The Mets, for all their spending and recent progress closing the gap with their big brothers in the Bronx, lack an evaluator like Naehring.

Is Ronny Mauricio a keeper, or should we sell high on him after his excellent winter ball season? Will Brett Baty develop as a third baseman? Does Francisco Alvarez project to be a catcher, first baseman or DH, and is his bat ready now?

The next step forward for Steve Cohen and GM Billy Eppler should be to add a person or people whose eyes are trained to provide deeply informed answers to questions like that. Intellectual diversity is one element that differentiates good front offices from great ones, and the Mets could stand to improve in this area.

The team has scores of terrific scouts, analysts and bright minds -- longtime amateur scouting director Tommy Tanous, for example, remains a valued voice in the Cohen administration -- but overall, the difference between the teams is notable.

Cashman not only has Naehring, a former MLB infielder, but ex-Chicago Cubs GM Jim Hendry, and the recently hired Brian Sabean and Omar Minaya -- four people to the Mets' zero to provide crucial balance and traditional scouting and player development skills.

To be clear, we’re not falling into the same old, oversimplified old-school/new school divide here. Baseball people, and human beings in general, are not so easily characterized.

Naehring and Minaya are literate in the language of cutting-edge analytics and technology, and Mets officials who rose in the game with an analytical background, like assistant GM Ben Zauzmer, are open-minded and respectful to feedback from players and coaches.

Omar Minaya
Omar Minaya / USA Today Sports

But there is no denying that former field people add an element of lived experience and muscle memory that an academic background cannot duplicate. If you have actually turned a double play, you have a closer perspective on how it should look.

Here’s an example: When the Yankees were looking for a replacement for Derek Jeter, they sent Naehring to watch one shortstop whose numbers recommended him as a potential heir.
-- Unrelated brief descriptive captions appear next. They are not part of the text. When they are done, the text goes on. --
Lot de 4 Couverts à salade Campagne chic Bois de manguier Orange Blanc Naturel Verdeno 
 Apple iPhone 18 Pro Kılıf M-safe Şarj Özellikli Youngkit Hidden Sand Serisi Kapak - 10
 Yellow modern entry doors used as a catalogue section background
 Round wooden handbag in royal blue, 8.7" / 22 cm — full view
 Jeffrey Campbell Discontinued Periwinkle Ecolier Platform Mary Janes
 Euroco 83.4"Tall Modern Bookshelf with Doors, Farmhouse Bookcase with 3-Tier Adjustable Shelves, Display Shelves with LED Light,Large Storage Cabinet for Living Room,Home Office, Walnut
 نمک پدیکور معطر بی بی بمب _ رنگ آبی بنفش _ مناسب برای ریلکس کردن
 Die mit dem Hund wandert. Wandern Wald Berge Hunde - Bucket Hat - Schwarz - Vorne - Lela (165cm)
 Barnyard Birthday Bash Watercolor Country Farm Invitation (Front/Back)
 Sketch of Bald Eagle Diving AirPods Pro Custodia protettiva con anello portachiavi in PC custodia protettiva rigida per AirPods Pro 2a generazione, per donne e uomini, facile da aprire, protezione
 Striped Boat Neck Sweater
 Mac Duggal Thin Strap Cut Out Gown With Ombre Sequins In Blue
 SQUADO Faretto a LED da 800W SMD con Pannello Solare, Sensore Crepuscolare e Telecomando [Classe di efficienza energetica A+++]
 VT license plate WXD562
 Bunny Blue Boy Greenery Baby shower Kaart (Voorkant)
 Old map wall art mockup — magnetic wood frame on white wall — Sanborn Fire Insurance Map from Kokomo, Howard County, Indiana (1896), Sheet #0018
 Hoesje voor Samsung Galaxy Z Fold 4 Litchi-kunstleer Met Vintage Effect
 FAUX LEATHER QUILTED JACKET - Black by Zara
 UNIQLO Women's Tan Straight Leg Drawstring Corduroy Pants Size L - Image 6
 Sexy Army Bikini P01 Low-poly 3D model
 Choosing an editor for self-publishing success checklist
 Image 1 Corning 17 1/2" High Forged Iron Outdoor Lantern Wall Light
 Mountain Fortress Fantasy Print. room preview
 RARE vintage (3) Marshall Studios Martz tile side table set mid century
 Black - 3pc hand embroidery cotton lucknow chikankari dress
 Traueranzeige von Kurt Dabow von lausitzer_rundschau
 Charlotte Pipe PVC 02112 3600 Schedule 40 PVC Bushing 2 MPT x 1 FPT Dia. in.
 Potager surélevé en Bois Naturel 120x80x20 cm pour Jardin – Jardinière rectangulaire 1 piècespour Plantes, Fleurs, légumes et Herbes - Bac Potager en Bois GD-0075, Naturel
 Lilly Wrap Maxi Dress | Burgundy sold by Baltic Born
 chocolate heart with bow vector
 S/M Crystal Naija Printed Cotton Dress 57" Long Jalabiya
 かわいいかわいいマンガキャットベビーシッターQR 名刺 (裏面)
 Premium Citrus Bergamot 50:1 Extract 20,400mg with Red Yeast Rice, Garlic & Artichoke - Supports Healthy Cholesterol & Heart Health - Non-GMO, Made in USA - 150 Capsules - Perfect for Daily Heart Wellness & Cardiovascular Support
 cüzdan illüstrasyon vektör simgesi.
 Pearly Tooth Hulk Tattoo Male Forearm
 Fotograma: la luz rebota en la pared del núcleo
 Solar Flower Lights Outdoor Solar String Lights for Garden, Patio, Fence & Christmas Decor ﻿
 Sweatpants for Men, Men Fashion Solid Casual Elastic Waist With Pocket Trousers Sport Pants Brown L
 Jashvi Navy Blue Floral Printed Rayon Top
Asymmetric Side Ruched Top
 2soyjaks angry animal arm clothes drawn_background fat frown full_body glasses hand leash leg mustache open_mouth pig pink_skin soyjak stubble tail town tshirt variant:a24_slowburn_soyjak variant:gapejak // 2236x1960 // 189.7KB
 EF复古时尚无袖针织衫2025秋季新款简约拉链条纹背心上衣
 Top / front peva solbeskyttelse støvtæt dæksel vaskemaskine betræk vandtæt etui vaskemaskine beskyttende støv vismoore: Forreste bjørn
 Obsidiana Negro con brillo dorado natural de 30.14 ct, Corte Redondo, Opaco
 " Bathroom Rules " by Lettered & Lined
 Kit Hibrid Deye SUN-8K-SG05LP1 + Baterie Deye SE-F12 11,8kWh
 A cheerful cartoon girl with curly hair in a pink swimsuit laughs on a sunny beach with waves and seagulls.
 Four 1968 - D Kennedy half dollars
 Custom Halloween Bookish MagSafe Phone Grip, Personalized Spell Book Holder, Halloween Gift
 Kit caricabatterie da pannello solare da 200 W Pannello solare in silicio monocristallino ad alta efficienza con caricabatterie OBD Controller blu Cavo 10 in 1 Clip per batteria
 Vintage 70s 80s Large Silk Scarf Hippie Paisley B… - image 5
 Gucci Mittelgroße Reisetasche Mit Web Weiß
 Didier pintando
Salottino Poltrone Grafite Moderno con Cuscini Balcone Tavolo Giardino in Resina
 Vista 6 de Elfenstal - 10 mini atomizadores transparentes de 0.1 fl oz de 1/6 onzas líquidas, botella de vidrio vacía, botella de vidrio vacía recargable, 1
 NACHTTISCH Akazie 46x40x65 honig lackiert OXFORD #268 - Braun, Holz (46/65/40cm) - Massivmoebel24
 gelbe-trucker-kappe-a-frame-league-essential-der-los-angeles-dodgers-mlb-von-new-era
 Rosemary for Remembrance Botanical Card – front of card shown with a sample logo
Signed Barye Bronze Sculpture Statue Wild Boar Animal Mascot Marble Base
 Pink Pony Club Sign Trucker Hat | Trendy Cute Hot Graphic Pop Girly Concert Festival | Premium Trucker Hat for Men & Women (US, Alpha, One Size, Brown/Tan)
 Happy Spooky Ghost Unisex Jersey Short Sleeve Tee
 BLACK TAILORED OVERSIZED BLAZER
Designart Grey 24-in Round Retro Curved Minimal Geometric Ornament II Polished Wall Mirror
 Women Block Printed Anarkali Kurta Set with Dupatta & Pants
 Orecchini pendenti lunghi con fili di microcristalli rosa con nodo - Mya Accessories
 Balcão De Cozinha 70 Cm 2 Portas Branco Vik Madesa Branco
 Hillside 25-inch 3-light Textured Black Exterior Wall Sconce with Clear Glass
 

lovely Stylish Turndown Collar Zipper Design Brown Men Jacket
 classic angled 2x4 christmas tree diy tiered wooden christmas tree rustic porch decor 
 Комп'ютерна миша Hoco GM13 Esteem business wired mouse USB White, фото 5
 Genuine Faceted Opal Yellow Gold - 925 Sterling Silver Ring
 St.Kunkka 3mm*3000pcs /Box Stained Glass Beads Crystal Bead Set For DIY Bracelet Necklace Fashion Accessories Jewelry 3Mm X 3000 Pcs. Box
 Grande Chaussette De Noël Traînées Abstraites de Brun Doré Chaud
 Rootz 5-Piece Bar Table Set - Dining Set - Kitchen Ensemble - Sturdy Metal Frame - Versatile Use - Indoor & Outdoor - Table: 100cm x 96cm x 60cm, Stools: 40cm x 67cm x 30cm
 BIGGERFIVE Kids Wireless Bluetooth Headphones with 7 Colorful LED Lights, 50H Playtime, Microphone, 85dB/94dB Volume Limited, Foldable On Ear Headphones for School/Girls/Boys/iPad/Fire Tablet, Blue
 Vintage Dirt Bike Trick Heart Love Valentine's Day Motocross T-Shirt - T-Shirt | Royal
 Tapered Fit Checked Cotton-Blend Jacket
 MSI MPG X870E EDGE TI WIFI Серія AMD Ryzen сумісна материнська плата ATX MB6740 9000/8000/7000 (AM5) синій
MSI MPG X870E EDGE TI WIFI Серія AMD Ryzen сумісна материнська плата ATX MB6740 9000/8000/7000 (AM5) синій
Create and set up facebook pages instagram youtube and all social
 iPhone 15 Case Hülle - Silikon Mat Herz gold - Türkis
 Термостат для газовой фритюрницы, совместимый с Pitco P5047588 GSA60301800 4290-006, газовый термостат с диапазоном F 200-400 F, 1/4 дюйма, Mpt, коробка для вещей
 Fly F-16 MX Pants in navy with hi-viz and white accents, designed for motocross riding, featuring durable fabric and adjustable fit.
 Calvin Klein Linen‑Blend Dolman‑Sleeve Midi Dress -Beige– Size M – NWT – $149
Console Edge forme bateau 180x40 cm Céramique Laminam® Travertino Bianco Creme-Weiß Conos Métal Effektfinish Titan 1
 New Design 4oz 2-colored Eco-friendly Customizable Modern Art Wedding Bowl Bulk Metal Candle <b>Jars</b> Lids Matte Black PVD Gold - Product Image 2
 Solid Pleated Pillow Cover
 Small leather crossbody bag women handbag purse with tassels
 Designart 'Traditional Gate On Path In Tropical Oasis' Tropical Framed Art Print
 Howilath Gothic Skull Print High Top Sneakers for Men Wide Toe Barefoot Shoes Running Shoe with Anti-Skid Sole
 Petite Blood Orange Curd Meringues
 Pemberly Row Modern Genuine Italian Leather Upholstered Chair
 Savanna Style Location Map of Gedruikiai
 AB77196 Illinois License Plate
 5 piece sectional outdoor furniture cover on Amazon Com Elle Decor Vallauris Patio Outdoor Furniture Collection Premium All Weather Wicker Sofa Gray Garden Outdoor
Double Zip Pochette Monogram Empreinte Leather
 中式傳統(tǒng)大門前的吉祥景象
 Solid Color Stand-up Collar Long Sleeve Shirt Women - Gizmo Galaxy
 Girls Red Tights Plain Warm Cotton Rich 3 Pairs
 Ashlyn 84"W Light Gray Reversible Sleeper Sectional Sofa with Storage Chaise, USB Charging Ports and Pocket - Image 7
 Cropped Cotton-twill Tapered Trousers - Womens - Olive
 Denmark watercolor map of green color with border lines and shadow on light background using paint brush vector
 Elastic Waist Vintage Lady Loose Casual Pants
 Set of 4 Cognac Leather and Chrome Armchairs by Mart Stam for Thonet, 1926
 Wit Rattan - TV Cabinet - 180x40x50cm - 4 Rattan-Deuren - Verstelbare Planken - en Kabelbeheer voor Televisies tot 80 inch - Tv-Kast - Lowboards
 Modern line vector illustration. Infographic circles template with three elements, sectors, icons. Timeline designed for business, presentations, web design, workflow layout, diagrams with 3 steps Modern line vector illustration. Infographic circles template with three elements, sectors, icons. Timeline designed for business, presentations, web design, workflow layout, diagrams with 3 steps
At the game, Naehring noticed that a rookie second baseman -- not the veteran shortstop -- was opening and closing his mouth to indicate who should cover second base. The shortstop was not captain-of-the infield material, and the Yankees passed.

Prior to this offseason, the Yankees were already strong in this area. Despite the perception that Cashman had become too reliant on analytics, he has kept Naehring and Hendry in his inner circle. The Yankees director of pro scouting, Matt Daley, is a former MLB pitcher. Kevin Reese, a former outfielder, runs player development.

This month brought two further additions in this area -- Sabean and Minaya. Minaya is beloved around the game, and Sabean is a particularly interesting hire for the Yanks specifically. As the team’s amateur scouting director in the late-1980s and early 1990s, he oversaw many of the drafts that built a dynasty. Cashman is fond of saying privately that while Michael earned the credit he receives for constructing those teams, Sabean deserves much more praise for it.

Like Cashman, Sabean learned scouting and player evaluation from Bill Livesey, another largely overlooked figure in Yankee lore. Livesey, who scouted and ran player development at different times in the ‘70s, ‘80s, and ‘90s, devised principles of player evaluation for each position that the Yankees still use today. To add Sabean in 2023 is to call back to the team’s glorious past.

Eppler had many of the same mentors as Cashman and Sabean, as did Buck Showalter. In fact, if Showalter were not the manager, he would be the perfect addition to the Mets’ front office -- a Livesey and Michael acolyte who speaks the same language as Eppler.

Eppler himself has extensive scouting experience, and learned the craft by literally sitting next to Michael during games. But as GM, he does not have the time to focus solely on evaluating or developing players.

What Eppler needs is a Naehring. Or a Hendry. Or a Sabean. Or a Minaya. Or even a Daley or Reese.

Diversity of thought, long a strength in Cashman’s cabinet, would make an improving Mets organization even stronger.